Cek Fakta Hoaks Bansos Ibu Hamil Rp 3 Juta, Simak Daftar dan Faktanya

Cek Fakta Hoaks Bansos Ibu Hamil Rp 3 Juta, Simak Daftar dan Faktanya

ENERGIKITA.COM — Beredar di media sosial sejumlah unggahan yang mengeklaim ibu hamil berhak menerima bantuan sosial hingga Rp 3 juta tanpa syarat. Klaim itu tidak memiliki dasar resmi dan tidak tercantum dalam program bansos apa pun yang dikelola Kementerian Sosial. Masyarakat diminta memverifikasi setiap informasi ke kanal resmi agar tidak terjebak penipuan berkedok bansos.
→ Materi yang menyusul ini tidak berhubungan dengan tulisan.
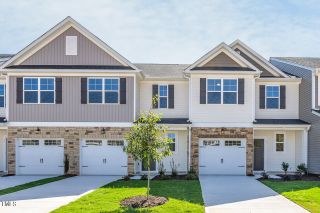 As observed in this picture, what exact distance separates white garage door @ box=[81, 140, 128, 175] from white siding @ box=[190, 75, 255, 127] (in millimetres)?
4474

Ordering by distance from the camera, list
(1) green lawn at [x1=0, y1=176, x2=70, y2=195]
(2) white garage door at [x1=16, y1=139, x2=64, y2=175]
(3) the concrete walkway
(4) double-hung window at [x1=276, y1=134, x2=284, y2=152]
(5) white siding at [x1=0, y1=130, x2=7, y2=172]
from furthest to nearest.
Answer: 1. (5) white siding at [x1=0, y1=130, x2=7, y2=172]
2. (4) double-hung window at [x1=276, y1=134, x2=284, y2=152]
3. (2) white garage door at [x1=16, y1=139, x2=64, y2=175]
4. (3) the concrete walkway
5. (1) green lawn at [x1=0, y1=176, x2=70, y2=195]

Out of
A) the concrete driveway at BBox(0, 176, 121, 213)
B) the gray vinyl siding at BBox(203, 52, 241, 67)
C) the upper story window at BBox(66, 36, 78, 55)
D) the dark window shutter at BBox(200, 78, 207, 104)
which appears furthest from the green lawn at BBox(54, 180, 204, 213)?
the upper story window at BBox(66, 36, 78, 55)

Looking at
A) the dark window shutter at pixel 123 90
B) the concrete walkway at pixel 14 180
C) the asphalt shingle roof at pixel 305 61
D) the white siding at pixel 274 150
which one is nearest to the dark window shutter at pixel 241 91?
the white siding at pixel 274 150

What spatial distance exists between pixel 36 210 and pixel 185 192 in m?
5.51

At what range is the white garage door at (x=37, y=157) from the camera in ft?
68.3

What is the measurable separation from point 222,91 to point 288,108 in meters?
4.52

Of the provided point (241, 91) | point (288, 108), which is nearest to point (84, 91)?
point (241, 91)

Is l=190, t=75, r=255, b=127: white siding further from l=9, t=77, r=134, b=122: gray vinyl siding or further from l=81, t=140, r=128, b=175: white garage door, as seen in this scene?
l=81, t=140, r=128, b=175: white garage door

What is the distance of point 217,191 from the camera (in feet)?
48.3

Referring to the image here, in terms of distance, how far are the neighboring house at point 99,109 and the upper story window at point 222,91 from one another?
0.05m

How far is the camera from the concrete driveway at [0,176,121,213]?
1174 cm

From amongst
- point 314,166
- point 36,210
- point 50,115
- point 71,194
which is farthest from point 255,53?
point 36,210

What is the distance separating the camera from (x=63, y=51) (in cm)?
2077

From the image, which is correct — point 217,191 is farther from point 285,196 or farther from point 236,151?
point 236,151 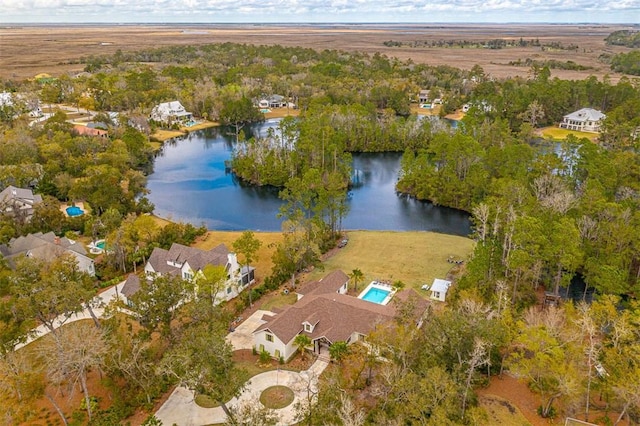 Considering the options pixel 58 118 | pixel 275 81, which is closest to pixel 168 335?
pixel 58 118

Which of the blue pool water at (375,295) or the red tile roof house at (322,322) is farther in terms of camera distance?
the blue pool water at (375,295)

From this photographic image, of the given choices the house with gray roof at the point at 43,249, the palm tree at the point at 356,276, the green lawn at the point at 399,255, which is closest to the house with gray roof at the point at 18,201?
the house with gray roof at the point at 43,249

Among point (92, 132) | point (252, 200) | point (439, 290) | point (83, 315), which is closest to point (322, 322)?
point (439, 290)

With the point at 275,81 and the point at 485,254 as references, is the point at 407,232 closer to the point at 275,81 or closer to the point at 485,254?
the point at 485,254

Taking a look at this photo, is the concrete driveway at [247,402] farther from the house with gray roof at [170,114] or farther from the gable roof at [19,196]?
the house with gray roof at [170,114]

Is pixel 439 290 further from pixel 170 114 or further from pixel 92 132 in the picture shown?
pixel 170 114

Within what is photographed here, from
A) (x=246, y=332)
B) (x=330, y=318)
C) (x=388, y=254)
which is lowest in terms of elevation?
(x=388, y=254) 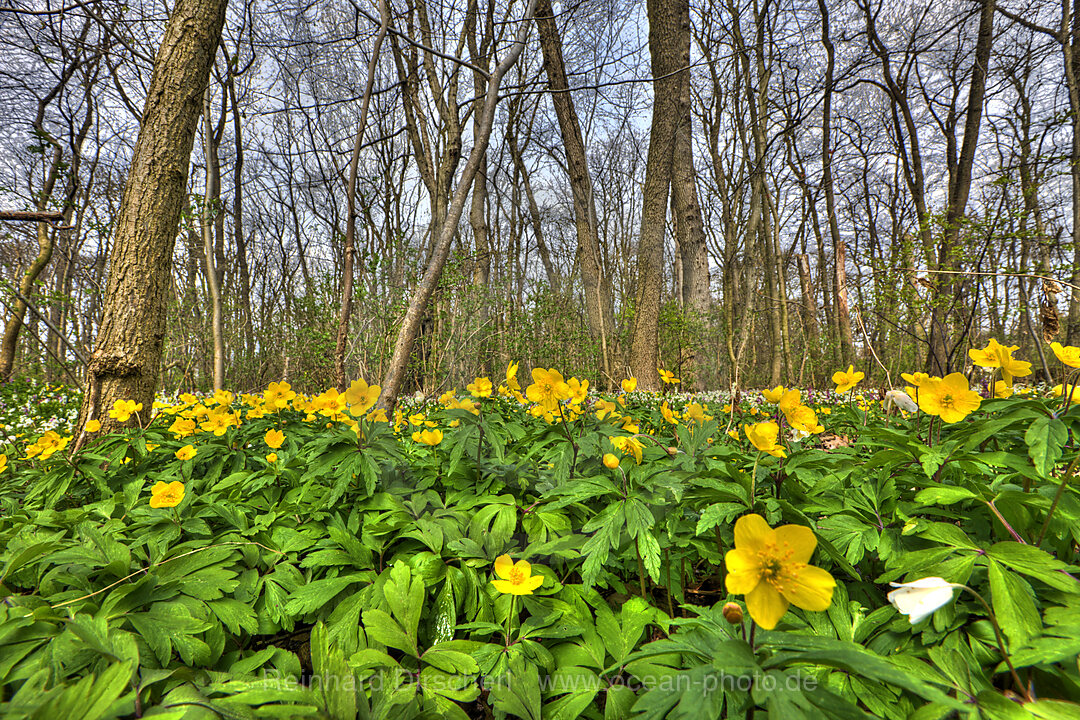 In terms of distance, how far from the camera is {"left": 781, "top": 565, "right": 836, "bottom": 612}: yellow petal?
2.00 feet

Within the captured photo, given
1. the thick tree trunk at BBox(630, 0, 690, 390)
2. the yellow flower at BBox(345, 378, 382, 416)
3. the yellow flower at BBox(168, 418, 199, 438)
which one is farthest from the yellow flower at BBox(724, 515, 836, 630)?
the thick tree trunk at BBox(630, 0, 690, 390)

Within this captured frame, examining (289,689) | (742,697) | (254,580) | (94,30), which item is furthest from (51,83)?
(742,697)

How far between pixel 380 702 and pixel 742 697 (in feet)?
1.96

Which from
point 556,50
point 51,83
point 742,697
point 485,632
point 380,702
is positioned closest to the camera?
point 742,697

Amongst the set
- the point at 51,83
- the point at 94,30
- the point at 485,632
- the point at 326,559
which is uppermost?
the point at 94,30

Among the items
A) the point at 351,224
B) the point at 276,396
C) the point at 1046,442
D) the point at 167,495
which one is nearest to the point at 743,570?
the point at 1046,442

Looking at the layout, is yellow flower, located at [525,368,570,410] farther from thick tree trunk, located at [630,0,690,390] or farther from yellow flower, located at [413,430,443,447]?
thick tree trunk, located at [630,0,690,390]

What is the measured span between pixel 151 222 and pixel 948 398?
382 centimetres

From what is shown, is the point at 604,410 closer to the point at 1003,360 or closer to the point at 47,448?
the point at 1003,360

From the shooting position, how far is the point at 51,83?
719 cm

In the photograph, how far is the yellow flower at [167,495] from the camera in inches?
48.5

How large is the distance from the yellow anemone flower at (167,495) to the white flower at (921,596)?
67.7 inches

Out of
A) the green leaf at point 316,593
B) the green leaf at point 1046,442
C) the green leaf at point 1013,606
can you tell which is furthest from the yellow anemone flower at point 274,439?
the green leaf at point 1046,442

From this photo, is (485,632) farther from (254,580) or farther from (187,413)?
(187,413) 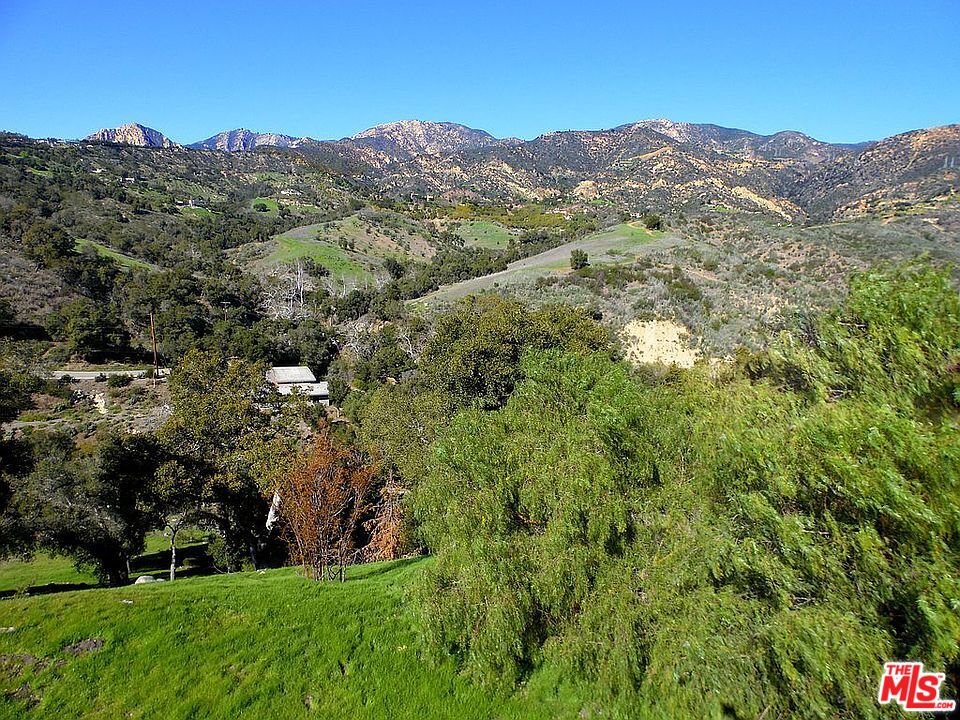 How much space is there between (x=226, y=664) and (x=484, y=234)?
315 ft

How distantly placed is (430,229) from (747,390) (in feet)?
321

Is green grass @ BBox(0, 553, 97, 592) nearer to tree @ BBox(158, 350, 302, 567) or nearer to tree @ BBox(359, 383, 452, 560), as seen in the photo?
tree @ BBox(158, 350, 302, 567)

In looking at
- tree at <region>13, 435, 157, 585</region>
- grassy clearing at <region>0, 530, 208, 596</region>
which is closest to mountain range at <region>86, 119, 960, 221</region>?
grassy clearing at <region>0, 530, 208, 596</region>

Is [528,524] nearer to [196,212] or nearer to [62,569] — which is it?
[62,569]

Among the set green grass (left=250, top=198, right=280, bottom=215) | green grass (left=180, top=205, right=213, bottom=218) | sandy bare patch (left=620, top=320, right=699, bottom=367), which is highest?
green grass (left=250, top=198, right=280, bottom=215)

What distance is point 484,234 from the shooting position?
100m

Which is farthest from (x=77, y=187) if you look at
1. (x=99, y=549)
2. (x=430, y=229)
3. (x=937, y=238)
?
(x=937, y=238)

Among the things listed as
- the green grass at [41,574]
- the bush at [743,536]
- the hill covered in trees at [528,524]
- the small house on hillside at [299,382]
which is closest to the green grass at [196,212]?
the hill covered in trees at [528,524]

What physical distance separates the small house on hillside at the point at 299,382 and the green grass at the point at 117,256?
38.9 m

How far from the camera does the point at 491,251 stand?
90250mm

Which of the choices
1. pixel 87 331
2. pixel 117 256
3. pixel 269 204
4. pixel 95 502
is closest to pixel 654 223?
pixel 87 331

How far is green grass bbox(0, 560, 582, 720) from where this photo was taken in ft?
28.2

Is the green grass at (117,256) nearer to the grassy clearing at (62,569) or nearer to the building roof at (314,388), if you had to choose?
the building roof at (314,388)

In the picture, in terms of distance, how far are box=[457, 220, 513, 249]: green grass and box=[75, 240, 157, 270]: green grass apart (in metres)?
52.9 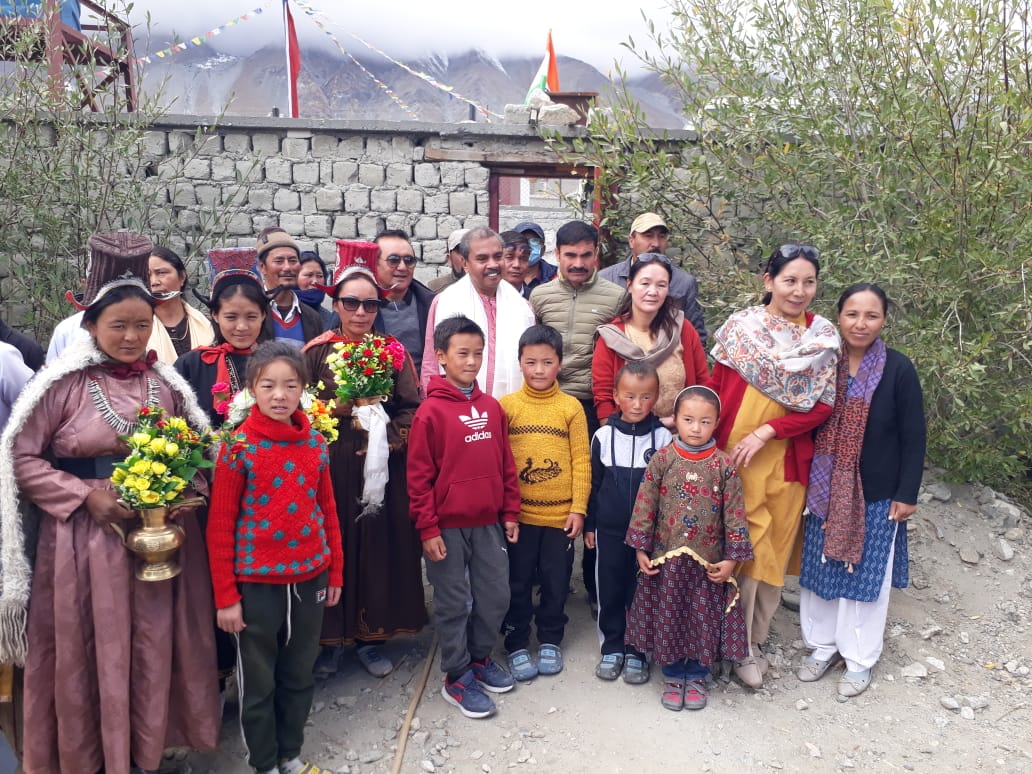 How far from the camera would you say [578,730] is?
330cm

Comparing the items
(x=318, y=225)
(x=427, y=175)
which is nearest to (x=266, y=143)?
(x=318, y=225)

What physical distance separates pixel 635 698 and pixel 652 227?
115 inches

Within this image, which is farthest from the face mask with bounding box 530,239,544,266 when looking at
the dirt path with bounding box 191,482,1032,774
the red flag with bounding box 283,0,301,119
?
the red flag with bounding box 283,0,301,119

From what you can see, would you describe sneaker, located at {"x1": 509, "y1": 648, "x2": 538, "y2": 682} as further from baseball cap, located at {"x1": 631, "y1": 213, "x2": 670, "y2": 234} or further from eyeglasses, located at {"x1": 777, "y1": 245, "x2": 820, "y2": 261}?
baseball cap, located at {"x1": 631, "y1": 213, "x2": 670, "y2": 234}

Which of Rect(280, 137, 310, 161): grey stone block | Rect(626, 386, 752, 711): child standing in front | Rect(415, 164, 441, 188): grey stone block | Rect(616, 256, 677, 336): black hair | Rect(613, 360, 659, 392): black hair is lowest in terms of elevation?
Rect(626, 386, 752, 711): child standing in front

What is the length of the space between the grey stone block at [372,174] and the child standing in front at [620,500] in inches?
188

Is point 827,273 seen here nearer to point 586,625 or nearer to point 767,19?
point 767,19

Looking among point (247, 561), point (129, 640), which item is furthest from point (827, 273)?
point (129, 640)

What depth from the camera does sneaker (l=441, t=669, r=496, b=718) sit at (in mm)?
3365

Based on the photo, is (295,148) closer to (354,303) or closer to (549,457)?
(354,303)

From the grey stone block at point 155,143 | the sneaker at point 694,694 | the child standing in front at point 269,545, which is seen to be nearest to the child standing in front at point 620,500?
the sneaker at point 694,694

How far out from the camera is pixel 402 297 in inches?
177

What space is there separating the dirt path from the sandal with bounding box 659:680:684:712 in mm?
38

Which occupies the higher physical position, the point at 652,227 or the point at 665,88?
the point at 665,88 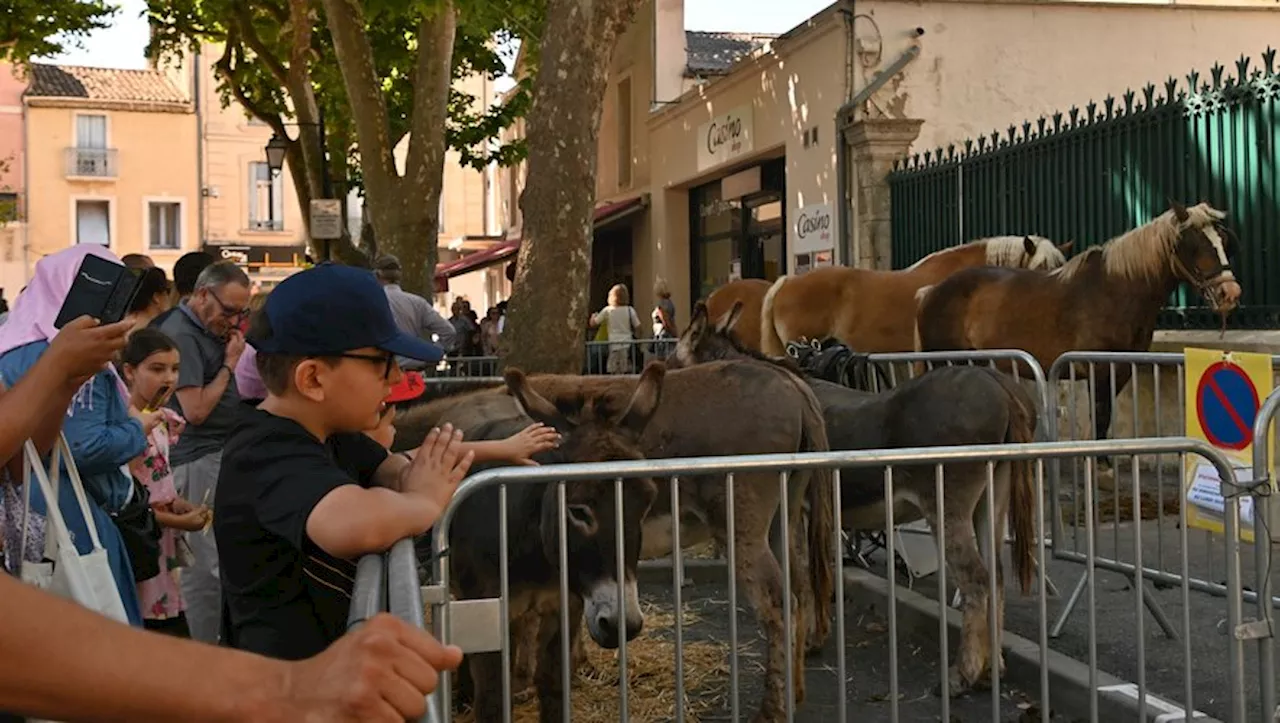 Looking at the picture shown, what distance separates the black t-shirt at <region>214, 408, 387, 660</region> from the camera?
7.95 feet

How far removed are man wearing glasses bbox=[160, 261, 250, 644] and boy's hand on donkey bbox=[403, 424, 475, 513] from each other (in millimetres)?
2649

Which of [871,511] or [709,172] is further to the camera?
[709,172]

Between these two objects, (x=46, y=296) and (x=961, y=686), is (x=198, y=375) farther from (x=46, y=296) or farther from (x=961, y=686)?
(x=961, y=686)

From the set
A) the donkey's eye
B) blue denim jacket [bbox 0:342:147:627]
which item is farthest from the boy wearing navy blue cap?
the donkey's eye

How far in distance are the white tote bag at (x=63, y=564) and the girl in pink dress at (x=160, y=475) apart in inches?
58.0

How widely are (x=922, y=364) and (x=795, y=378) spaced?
3818 millimetres

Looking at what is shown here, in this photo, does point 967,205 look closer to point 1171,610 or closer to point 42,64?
point 1171,610

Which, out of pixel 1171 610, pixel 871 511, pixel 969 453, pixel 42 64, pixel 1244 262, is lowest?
pixel 1171 610

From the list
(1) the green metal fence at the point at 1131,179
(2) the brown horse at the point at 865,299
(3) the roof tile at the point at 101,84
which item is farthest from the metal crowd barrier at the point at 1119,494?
(3) the roof tile at the point at 101,84

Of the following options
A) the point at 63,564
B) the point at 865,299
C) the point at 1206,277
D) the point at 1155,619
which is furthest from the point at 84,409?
the point at 865,299

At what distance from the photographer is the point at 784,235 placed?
745 inches

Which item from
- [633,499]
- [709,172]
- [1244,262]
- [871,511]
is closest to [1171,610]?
[871,511]

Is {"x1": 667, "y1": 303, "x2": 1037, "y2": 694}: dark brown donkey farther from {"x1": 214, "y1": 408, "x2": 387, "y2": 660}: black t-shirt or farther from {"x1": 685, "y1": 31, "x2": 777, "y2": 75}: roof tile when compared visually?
{"x1": 685, "y1": 31, "x2": 777, "y2": 75}: roof tile

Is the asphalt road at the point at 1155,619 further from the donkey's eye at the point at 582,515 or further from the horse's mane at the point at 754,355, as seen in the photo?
the donkey's eye at the point at 582,515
Kementerian Sosial tidak pernah menyalurkan bantuan khusus ibu hamil dengan nominal Rp 3 juta tanpa proses verifikasi. Semua bantuan sosial yang dikelola pemerintah memiliki dasar hukum, kriteria penerima, dan mekanisme pencairan yang jelas. Informasi soal bansos ibu hamil yang beredar di media sosial perlu dicek ulang ke sumber resmi sebelum dipercaya.

Daftar Hoaks Bansos Ibu Hamil yang Beredar

Beberapa unggahan yang paling sering muncul memakai pola serupa: menawarkan nominal besar, meminta data pribadi, lalu mengarahkan ke tautan pendaftaran. Berikut bentuk klaim yang perlu diwaspadai.

  • Klaim bantuan Rp 3 juta untuk ibu hamil tanpa syarat, hanya perlu mengisi formulir online.
  • Klaim bantuan Rp 1,5 juta per bulan selama masa kehamilan yang disalurkan melalui transfer langsung.
  • Klaim bansos ibu hamil bisa didaftarkan lewat pesan WhatsApp dengan mengirim foto KTP dan KK.
  • Klaim bantuan melahirkan Rp 5 juta yang cair otomatis tanpa perlu terdaftar di Data Terpadu Kesejahteraan Sosial (DTKS).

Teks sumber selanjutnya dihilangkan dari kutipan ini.